===== RAW DATA =====

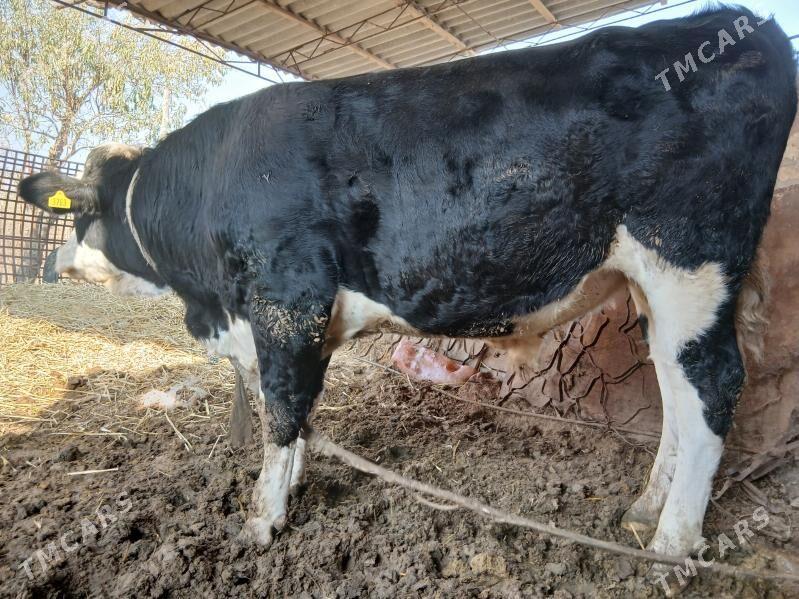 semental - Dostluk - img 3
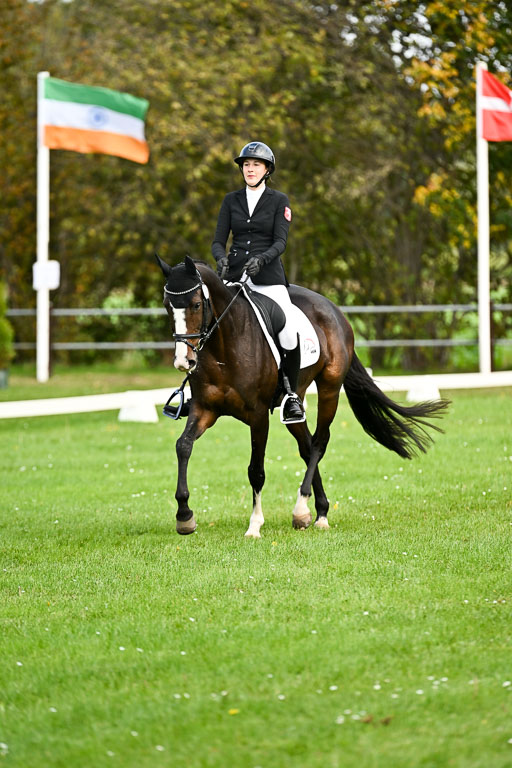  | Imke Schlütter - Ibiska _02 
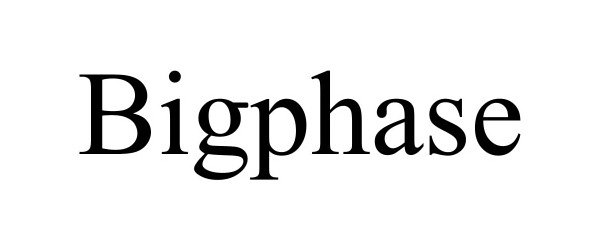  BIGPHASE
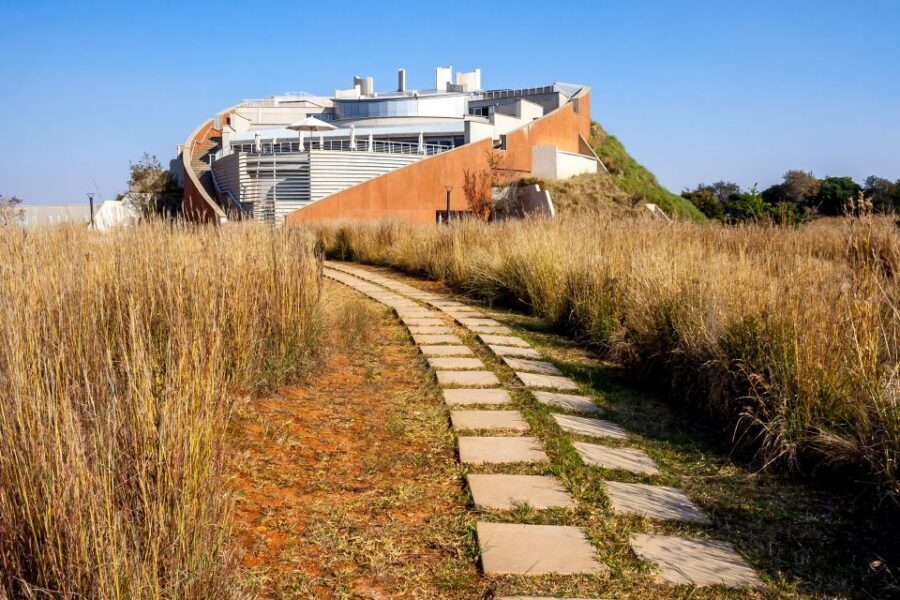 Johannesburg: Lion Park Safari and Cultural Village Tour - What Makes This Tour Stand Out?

=====

WORK ITEM: Nothing but the lines from the one that contains "- Ibiska _02" through the end of the material above is to be reproduced, exactly and without pictures.

RESPONSE BOX:
  | Imke Schlütter - Ibiska _02 
  BIGPHASE
 Johannesburg: Lion Park Safari and Cultural Village Tour - What Makes This Tour Stand Out?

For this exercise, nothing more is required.